Perhaps a more reasonable criticism of the place is that despite a large and spectacular kitchen garden, the number of items marked "HG" (Home Grown) on the menu was limited to a few salad leaves and courgettes (plus flowers). Broad beans were apparently not ready yet, which is nobody's fault, but I spotted plenty of plump red strawberries in the garden which featured nowhere on the desserts menu, and things like Jersey Royals and other root vegetables, asparagus, tomatoes and peas were all bought in. Sincere apologies to the Wellington Arms if I'm completely trivialising the difficulties of running a functioning professional kitchen garden, but as one of those hopeless tragic saddos I mentioned earlier my first instinct when given a menu is to pick whatever the restaurant has been able to grow themselves, and on that front it was slim pickings.


But despite this, it was still hard not to be impressed by the sheer hospitality, warmth and professionalism of the Wellington Arms team. Desserts, solid if unspectacular versions of a treacle tart and Eton Mess (the latter using home grown rhubarb at least) would have been much harder to fault had the pacing of the evening and attentiveness of the staff been anything less than perfect the whole evening.

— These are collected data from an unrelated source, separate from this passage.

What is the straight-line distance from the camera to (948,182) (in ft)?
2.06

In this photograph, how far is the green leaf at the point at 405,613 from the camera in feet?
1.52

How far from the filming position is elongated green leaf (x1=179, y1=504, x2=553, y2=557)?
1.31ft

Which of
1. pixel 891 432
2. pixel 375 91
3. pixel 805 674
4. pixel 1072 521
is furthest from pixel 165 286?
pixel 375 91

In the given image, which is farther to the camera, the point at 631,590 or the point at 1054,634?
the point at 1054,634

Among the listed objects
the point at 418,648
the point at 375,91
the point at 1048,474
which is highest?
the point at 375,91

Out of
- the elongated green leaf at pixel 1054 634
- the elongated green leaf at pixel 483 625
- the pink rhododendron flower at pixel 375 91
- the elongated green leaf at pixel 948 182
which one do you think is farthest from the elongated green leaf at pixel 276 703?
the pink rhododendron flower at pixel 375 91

And just look at that bill - without the £20 worth of jams and chutneys we took home with us this accomplished and enjoyable meal in charming surroundings came to under £50/head. By anyone's standards, this is a bargain.

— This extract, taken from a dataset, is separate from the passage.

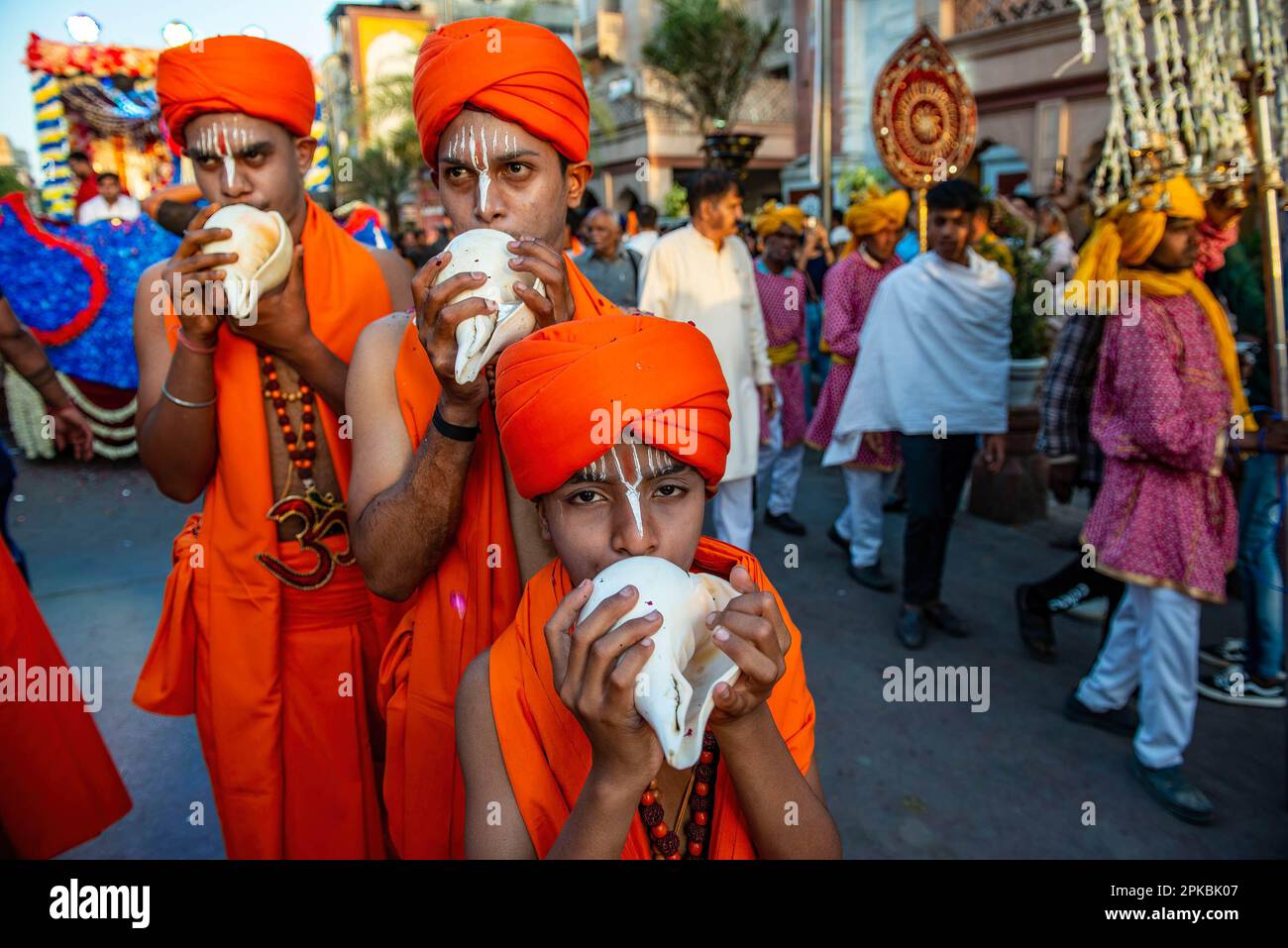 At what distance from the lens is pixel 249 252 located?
A: 68.7 inches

So though not in the very top-tier of its ilk, there's still plenty to recommend at the Wellington, and you'd have to be very unlucky indeed to not to come away from a meal here thinking you'd got far more than your money's worth. And it's worth pointing out that the Top 50 Gastropub list that I have been working my way through over the last couple of years, pedantic definition of "gastropub" aside, is yet to really offer up a significant dud. Picking an entry and planning a day or two based around a meal there is a pretty-much-guaranteed way of having a lovely country gastro-break. So, where next?